Agility is becoming a meaningless buzzword
We’re falling over ourselves to become agile, but sometimes more haste is less speed.
by Adam Gale
In October last year, the boss of a well known firm uttered those fateful words ‘we need to become a more agile company’.
Both the sentiment and the jobs cuts that followed would have been unremarkable, except for the fact that the company in question was Wal-Mart.
Agility requires flight of foot, the ability to turn on a dime, as the Americans put it. Wal-Mart is a $450bn leviathan with over two million employees. It’s like your 70 year-old mother getting a sprawling Kendrick Lamar tattoo to get down with the kids. Just… no.
The agility buzzword finally seemed to have lost all meaning.
Agility… doesn’t that involve backflips?
The term originated in the Manifesto for Agile Software Development in 2001. It was a specific approach in a specific sector, but soon its core principles – moving quickly to build a minimum viable product, using iterative development to improve it on the go, with testing and feedback built in at every stage rather than just at the end – became fashionable across the corporate world.
To test how agility is seen today, I asked an array of ‘thought leaders’ how important it was. Almost all of them said it was essential. One went as far as to say that ‚if a business has survived without a certain level of agility, it is by accident‘.
Agility has come to mean adaptability, which as a business principle is obviously a complete no-brainer. What chief executive with any sense has ever chosen to ignore changing market conditions?
If that’s all it means, agility is genuinely meaningless, another word business leaders use to sound dynamic and edgy (often while laying off staff), like disruptive, innovative or even ‘intrapreneur’ (yuck).
Of course, the 21st century economy does require leaders to be more adaptable than before.
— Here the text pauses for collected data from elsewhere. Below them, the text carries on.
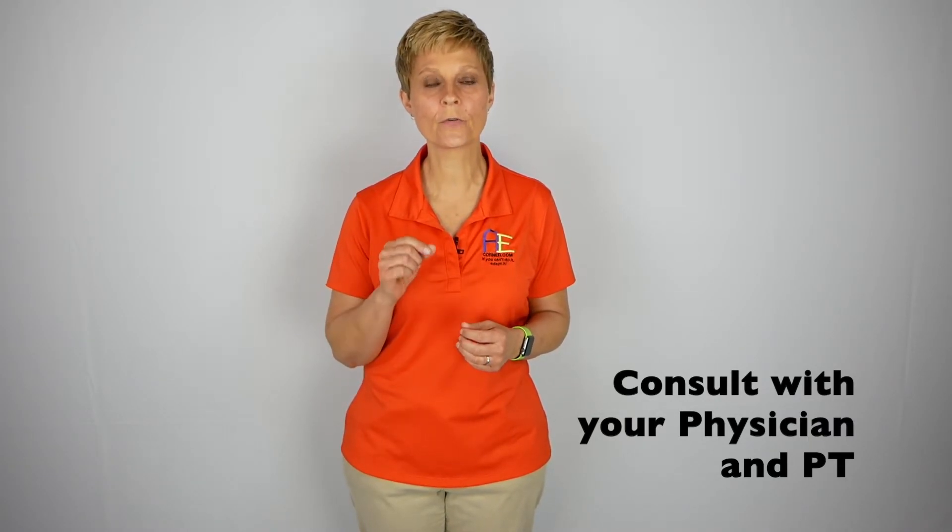Surgeries and hip precautions can vary, so we want you to consult with your physician and physical therapist on the hip precautions that apply to you and any other special instructions, so that you're viewing the appropriate video or videos.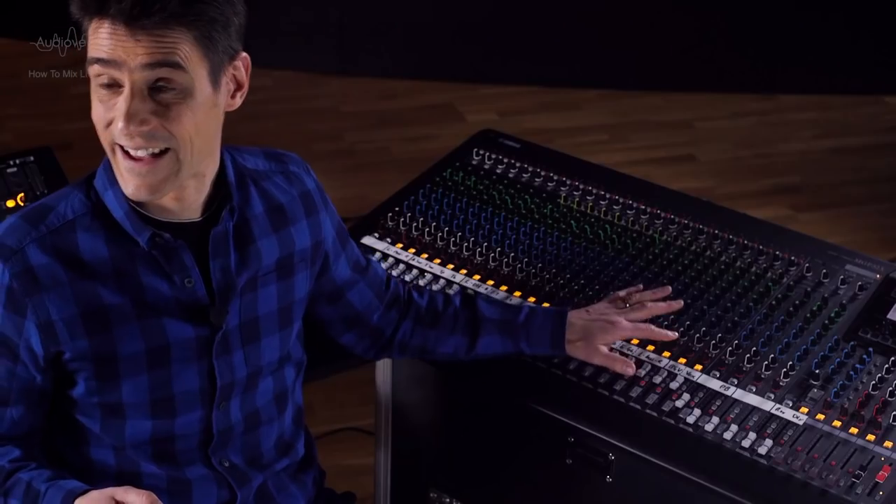We're having a lot of fun here learning how to mix live music. We've got set up, tuned the PA to suit the room, and EQ'd all the inputs. Now we're going to jump down the mixer to the pan and the faders.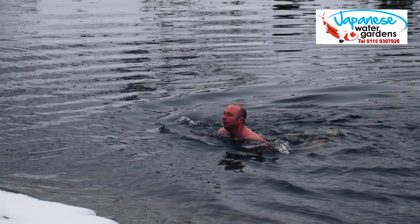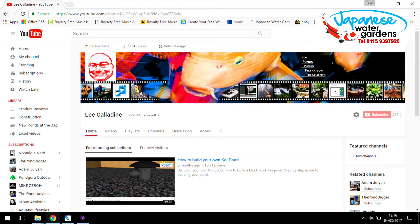Please like and subscribe to this channel. All comments and questions will be answered promptly. Have a nice evening from me, Lee at the Japanese Water Gardens.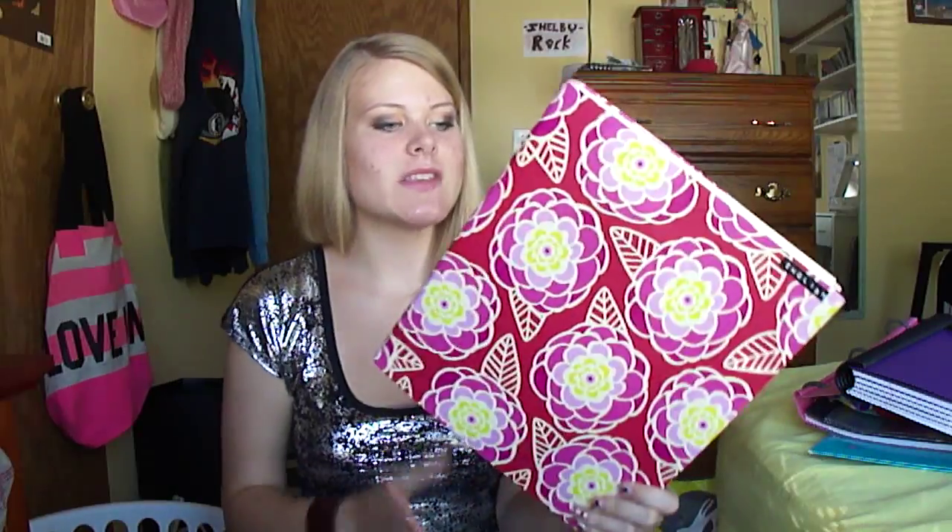I label every single one of my binders because when I'm rushing in between classes, I open my locker and I'm like, what am I doing? I look and I'm like, oh, I need my English binder, because some of my binders actually look the same. I get a little clueless sometimes, so yeah, this helps me.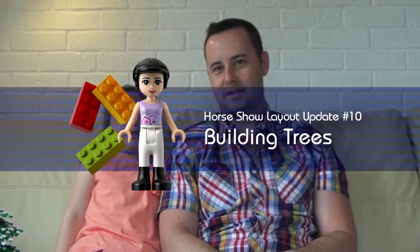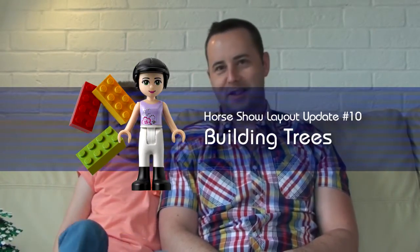Hi, I'm Claire from Three Brick Friends. This is Update 10. It's all about the trees.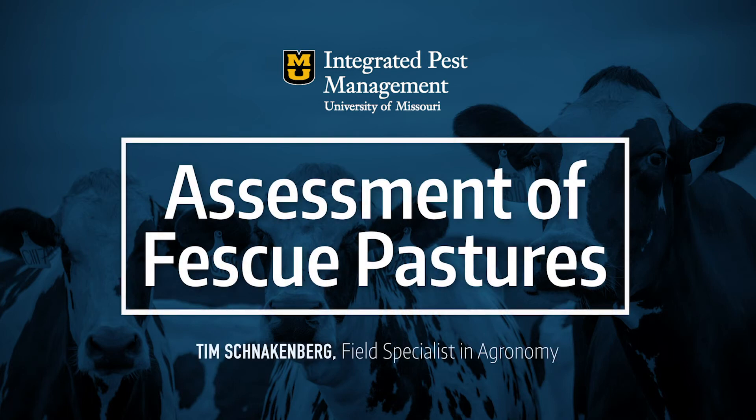Hello, this is Tim Schnakenberg. I'm a University of Missouri field specialist in agronomy based in Galena in the southwest part of the state, and I would like to talk to you today about our fescue pastures.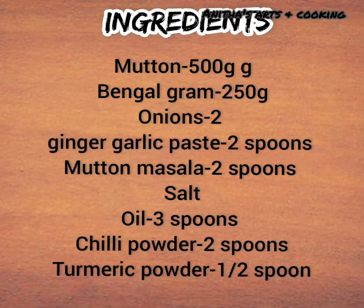Ingredients: Mutton, cinnamon, onions, almond paste, salt, oil, karam, rice, and mutton masala.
Digital transformation isn’t just a figment of some slick management consultant’s imagination – from cabs to Kodak, there are countless examples of firms and sectors that have been brought low, fast, by disruptive forces.
If that’s what a chief executive means when she says she wants to be more agile, then fine. Except surely the devil’s in the detail. The essence of adaptability is speed – markets are changing faster, so we need to adapt faster. But speed for speed’s sake brings its own set of problems.
Speed: remember the tortoise and the hare
‘Getting reaction times down to Usain Bolt levels is the ambition of many leadership teams,’ says Trevor Hardy of The Future Laboratory.
‘Another view is that speed kills. That fast decisions result in actions that are good for the immediate or short term but harm our future. The cult of immediate gratification of consumers has infected the boardroom.’
This isn’t to say you can’t act or react quickly, only that agility is no excuse not to think. Rushing into drastic decisions without careful consideration isn’t the future of anything, except possibly failure.
This is all the more true when you consider that rapid change can create productivity-draining emotional turmoil for employees, particularly if they fear for their jobs.
Reclaiming Agile
Here is where agility can regain its meaning. In the original Agile manifesto, there was a strong focus on individuals and teams rather than processes imposed from the top down. Employees were participants, not pawns in their CEO’s game of lightning chess.
‘Companies haven’t been focused on change readiness in the workforce and have instead often misconstrued the idea of agility. They see it as flexible thinking or comfort with ambiguity, but our data suggest those areas don’t distinguish the people who are willing and able to change,’ says Jean Martin of best practice insights company CEB.